## Raw data:
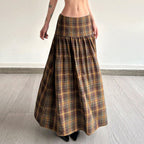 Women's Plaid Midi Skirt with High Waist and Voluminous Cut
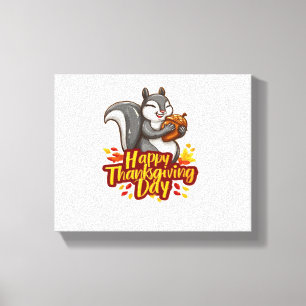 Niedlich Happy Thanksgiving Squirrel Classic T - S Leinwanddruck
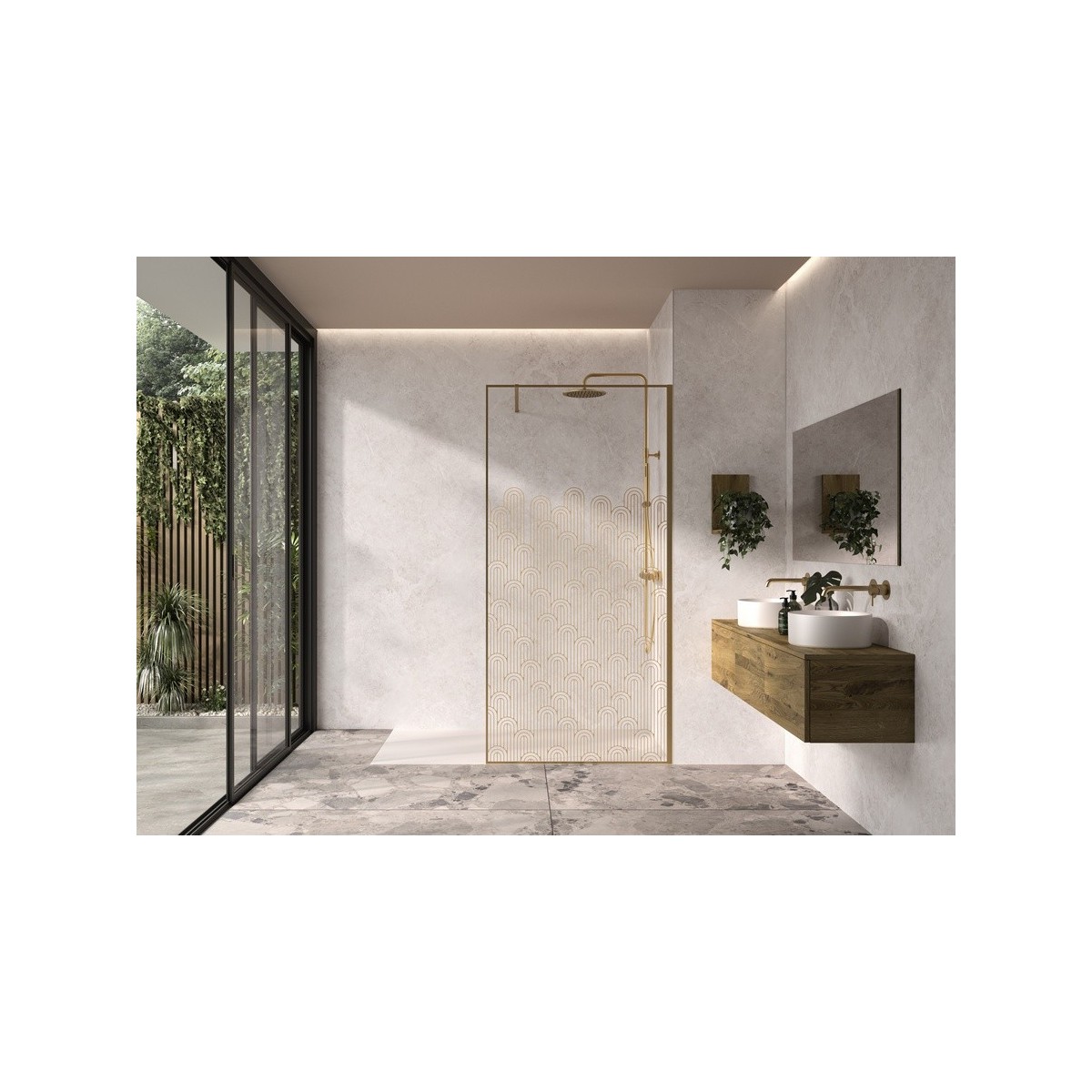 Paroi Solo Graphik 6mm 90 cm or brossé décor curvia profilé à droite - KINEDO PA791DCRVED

## Goal of the exercise:
Here the requirement is to restate exactly the line holding "Niedlich Happy Thanksgiving" and every later line through the end of the material, omitting pictures.

## Exercise solution:
 Niedlich Happy Thanksgiving Squirrel Classic T - S Leinwanddruck
 Paroi Solo Graphik 6mm 90 cm or brossé décor curvia profilé à droite - KINEDO PA791DCRVED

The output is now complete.